Órganos nacionales de prensa como Granma, Juventud Rebelde, Verde Olivo y Bohemia, entre otros, así como las portadas de varias ediciones del Instituto Cubano del Libro, contaron con representaciones gráficas de este artífice que mediante trazos y manchas de tinta negra sobre cartulina o papel blancos, igualmente se destacó en el servicio periodístico con su participación gráfica en disímiles contenidos, entre los que sobresalen los relacionados con las conmemoraciones nacionales. Asimismo varios libros y revistas impresas, mediante policromías, engalanaron sus portadas con sus ilustraciones a todo color. Entre estos trabajos se recuerdan sus dibujos sobre el Héroe Nacional de Cuba José Martí, figura emblemática en su creación plástica y en su vida de revolucionario ejemplar.
De tal modo, durante buena parte de la segunda mitad del pasado siglo, después del triunfo de la Revolución Delarra, ente activo en el proceso de transformaciones culturales, políticas, económicas y sociales que se experimentaron en Cuba a partir de ese momento, en tanto forjaba un valioso legado escultórico —entre el que sobresale su monumentaria épica e histórica— y pictórico marcaba su paso por las artes visuales también a través de la ilustración.
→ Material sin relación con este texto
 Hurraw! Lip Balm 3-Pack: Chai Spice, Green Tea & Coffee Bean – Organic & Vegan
No por casualidad, este valioso artífice fue seleccionado en 1967 por el claustro de profesores de la prestigiosa Academia de Artes San Alejandro –donde se había graduado aún muy joven, con 21 años de edad– como director de ese centro, cargo que ocupó hasta 1968, amén de su extensa labor comunitaria en beneficio de la espiritualidad de los cubanos a través de las artes plásticas.
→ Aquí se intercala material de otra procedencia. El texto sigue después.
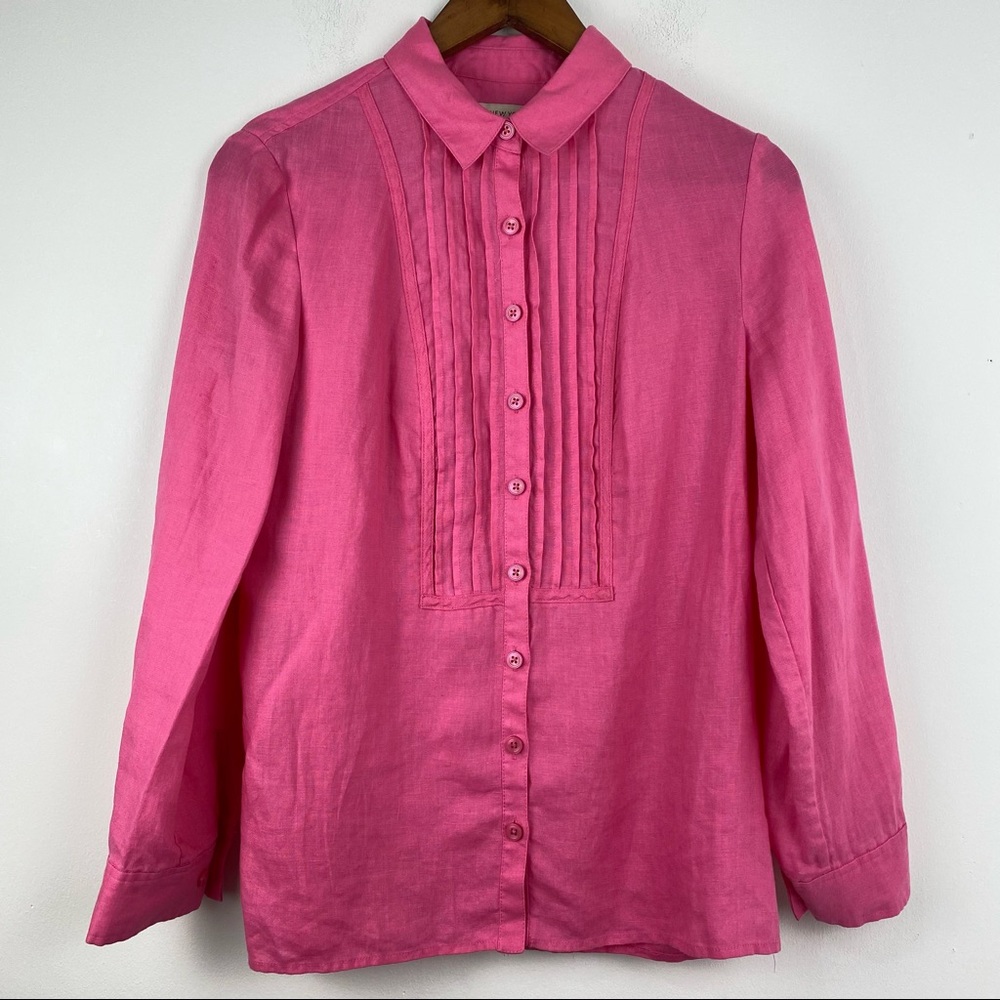 Jones new York size Medium Petite Women’s Pink 100% Linen Button Up Shirt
Asimismo, vale rememorar, en simple resumen, la impresionante hoja de servicios prestados por Delarra a la cultura cubana en los años de 1949 a 2003, como escultor, pintor, grabador, ilustrador y ceramista: 358 esculturas de pequeño formato en los más diversos materiales; 125 obras monumentales (20 de ellas emplazadas en México, Japón, Angola, España, Ecuador, Uruguay, entre otros países); mil 460 pinturas al óleo, tinta o acrílico; 72 grabados y 58 obras en cerámica artística; además de impartir alrededor de un centenar de conferencias magistrales en prestigiosas universidades e institutos de varios países de Latinoamérica, Europa y Asia.
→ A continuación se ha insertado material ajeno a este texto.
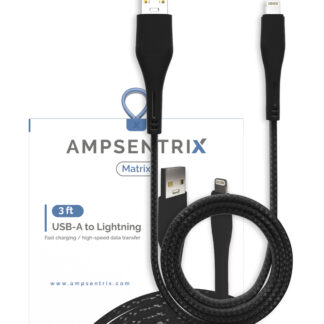 Lightning To USB Type A Kabel (Non-MFI) (1 m / 3 ft) (AmpSentrix Matrix) (Black (Schwarz))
Por ello, no puede definirse su obra, en general, solamente trascendente por sus majestuosas esculturas diseminadas por casi toda la geografía nacional y en muchos otros países, labor que ha provocado que se le catalogue más como escultor, ejercicio que comenzó a practicar desde muy joven y que tras el triunfo de la Revolución acometió de manera extraordinaria al reflexionar en torno a una época en que el país estaba “huérfano de monumentos épicos”. Los que habían sido emplazados en La Habana y en otros puntos de la Isla fueron hechos por italianos, españoles o franceses –a excepción de dos o tres– y los escultores cubanos nada más podían hacer pequeños bustos. Ante nosotros teníamos la tarea inmensa y hermosa de comenzar la monumentaria cubana hecha por cubanos y, además, de formar a gentes jóvenes que iban surgiendo para que adquirieran todos los conocimientos que habíamos amasado durante tantos años en Cuba y en el exterior”, tal expresó a la colega Estrella Díaz en una de sus últimas entrevistas a la prensa cubana.